Il Ruolo del Qatar e le Aspettative
Il Qatar, che ospita i leader di Hamas, si trova ora sotto pressione internazionale per facilitare una tregua. Gli Stati Uniti hanno chiarito che il tempo per negoziare è limitato e che una risposta negativa non sarà tollerata. Il piccolo regno del Golfo ha giocato un ruolo cruciale nel mantenere un canale di comunicazione aperto con Hamas, ma ora deve affrontare decisioni difficili.
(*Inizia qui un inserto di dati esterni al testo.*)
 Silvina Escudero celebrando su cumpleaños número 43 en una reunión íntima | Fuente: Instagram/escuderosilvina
L’emiro del Qatar ha sempre cercato di bilanciare le relazioni con gli Stati Uniti e i suoi impegni regionali. Tuttavia, con l’intensificarsi delle pressioni, il Qatar potrebbe dover rivedere la sua posizione, soprattutto se Hamas accetterà la proposta di tregua in discussione.
La Situazione Umanitaria a Gaza
La situazione umanitaria a Gaza è drammatica. Con l’aumento delle ostilità e la chiusura dei punti di accesso per gli aiuti, le condizioni di vita nella Striscia sono peggiorate drasticamente. Le organizzazioni umanitarie internazionali continuano a lanciare appelli per un maggiore afflusso di aiuti, ma le condizioni di sicurezza rendono difficile la loro distribuzione.
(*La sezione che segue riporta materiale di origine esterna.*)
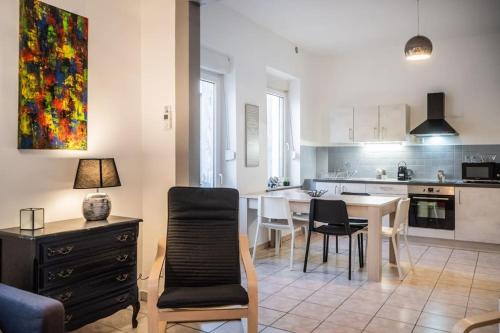 a kitchen and dining room with a table and chairs at En famille ou entre amis in Mondelange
Le famiglie di Gaza stanno affrontando una carenza di beni di prima necessità, inclusi cibo e medicine. La comunità internazionale sta cercando di trovare una soluzione che permetta di alleviare le sofferenze della popolazione civile, ma senza un cessate il fuoco duraturo, le prospettive rimangono incerte.
Conclusioni Provvisorie
Mentre i negoziati continuano al Cairo, la comunità internazionale osserva con attenzione. La proposta di tregua potrebbe rappresentare un passo avanti verso la risoluzione del conflitto, ma rimangono molte incognite. Le pressioni americane sul Qatar e su Hamas potrebbero portare a un accordo, ma la strada è ancora lunga e piena di ostacoli.